▸ Task
Beginning with the first line, transcribe the entries below exactly through the line containing "Naklejka premium Striped", inclusive.

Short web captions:
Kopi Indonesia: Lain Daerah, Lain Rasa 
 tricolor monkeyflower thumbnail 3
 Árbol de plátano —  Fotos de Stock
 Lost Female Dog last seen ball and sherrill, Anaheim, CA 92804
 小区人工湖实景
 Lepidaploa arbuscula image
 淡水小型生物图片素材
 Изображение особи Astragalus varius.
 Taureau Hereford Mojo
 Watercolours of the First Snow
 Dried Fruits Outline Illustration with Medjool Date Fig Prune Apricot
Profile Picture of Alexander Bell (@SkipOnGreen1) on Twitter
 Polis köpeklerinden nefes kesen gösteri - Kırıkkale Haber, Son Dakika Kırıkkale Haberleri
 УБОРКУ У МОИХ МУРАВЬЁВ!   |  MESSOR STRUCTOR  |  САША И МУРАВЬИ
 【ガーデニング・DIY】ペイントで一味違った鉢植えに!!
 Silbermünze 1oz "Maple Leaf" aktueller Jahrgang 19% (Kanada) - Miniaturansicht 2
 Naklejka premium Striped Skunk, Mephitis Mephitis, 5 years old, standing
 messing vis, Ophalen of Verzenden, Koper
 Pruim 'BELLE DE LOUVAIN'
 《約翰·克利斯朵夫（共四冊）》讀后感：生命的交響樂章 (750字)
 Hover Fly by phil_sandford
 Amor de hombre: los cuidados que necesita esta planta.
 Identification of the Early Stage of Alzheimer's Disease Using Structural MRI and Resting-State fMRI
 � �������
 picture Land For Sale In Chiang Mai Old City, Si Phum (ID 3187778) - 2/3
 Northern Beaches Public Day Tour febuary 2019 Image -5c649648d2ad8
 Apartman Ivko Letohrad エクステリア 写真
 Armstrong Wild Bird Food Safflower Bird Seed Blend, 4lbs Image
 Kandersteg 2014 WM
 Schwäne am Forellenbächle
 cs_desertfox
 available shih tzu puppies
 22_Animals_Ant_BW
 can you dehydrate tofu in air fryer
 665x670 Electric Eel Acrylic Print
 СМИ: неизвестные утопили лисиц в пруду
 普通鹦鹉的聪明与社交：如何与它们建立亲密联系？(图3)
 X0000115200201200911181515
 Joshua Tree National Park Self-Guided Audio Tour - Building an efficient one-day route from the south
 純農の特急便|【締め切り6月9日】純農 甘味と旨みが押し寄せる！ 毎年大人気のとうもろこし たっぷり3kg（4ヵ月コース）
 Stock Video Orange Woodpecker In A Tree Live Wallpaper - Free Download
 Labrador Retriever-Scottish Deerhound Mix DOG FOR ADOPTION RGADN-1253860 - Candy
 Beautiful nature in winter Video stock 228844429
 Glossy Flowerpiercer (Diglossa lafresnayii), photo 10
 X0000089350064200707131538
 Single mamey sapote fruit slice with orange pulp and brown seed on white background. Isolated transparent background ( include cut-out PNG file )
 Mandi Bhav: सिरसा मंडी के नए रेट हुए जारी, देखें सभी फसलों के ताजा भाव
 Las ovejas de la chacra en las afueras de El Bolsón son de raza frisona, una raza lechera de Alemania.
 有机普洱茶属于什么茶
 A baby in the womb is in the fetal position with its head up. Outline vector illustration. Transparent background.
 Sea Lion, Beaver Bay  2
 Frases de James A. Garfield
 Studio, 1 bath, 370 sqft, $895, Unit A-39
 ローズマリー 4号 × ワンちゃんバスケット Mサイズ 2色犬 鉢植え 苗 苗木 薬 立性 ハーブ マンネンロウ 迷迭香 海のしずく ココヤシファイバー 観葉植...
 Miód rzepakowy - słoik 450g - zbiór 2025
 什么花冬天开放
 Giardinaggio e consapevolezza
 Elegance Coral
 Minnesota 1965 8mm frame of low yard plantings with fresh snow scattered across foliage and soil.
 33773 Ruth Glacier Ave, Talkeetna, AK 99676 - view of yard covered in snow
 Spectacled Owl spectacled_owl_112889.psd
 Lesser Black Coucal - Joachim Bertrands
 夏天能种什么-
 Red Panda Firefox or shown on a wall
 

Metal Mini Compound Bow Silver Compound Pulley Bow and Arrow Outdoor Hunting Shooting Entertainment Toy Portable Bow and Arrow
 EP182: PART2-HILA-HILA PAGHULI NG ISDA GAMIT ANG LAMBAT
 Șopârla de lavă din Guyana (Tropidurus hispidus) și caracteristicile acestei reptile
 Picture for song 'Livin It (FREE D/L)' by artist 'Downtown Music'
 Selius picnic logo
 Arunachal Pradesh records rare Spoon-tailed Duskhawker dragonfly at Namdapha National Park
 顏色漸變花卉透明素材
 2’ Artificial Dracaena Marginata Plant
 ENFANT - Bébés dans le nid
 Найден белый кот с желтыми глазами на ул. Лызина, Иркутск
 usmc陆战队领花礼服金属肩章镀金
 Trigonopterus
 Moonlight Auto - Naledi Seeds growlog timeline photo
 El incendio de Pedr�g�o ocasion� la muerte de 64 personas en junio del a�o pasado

▸ Response
Kopi Indonesia: Lain Daerah, Lain Rasa 
 tricolor monkeyflower thumbnail 3
 Árbol de plátano —  Fotos de Stock
 Lost Female Dog last seen ball and sherrill, Anaheim, CA 92804
 小区人工湖实景
 Lepidaploa arbuscula image
 淡水小型生物图片素材
 Изображение особи Astragalus varius.
 Taureau Hereford Mojo
 Watercolours of the First Snow
 Dried Fruits Outline Illustration with Medjool Date Fig Prune Apricot
Profile Picture of Alexander Bell (@SkipOnGreen1) on Twitter
 Polis köpeklerinden nefes kesen gösteri - Kırıkkale Haber, Son Dakika Kırıkkale Haberleri
 УБОРКУ У МОИХ МУРАВЬЁВ!   |  MESSOR STRUCTOR  |  САША И МУРАВЬИ
 【ガーデニング・DIY】ペイントで一味違った鉢植えに!!
 Silbermünze 1oz "Maple Leaf" aktueller Jahrgang 19% (Kanada) - Miniaturansicht 2
 Naklejka premium Striped Skunk, Mephitis Mephitis, 5 years old, standing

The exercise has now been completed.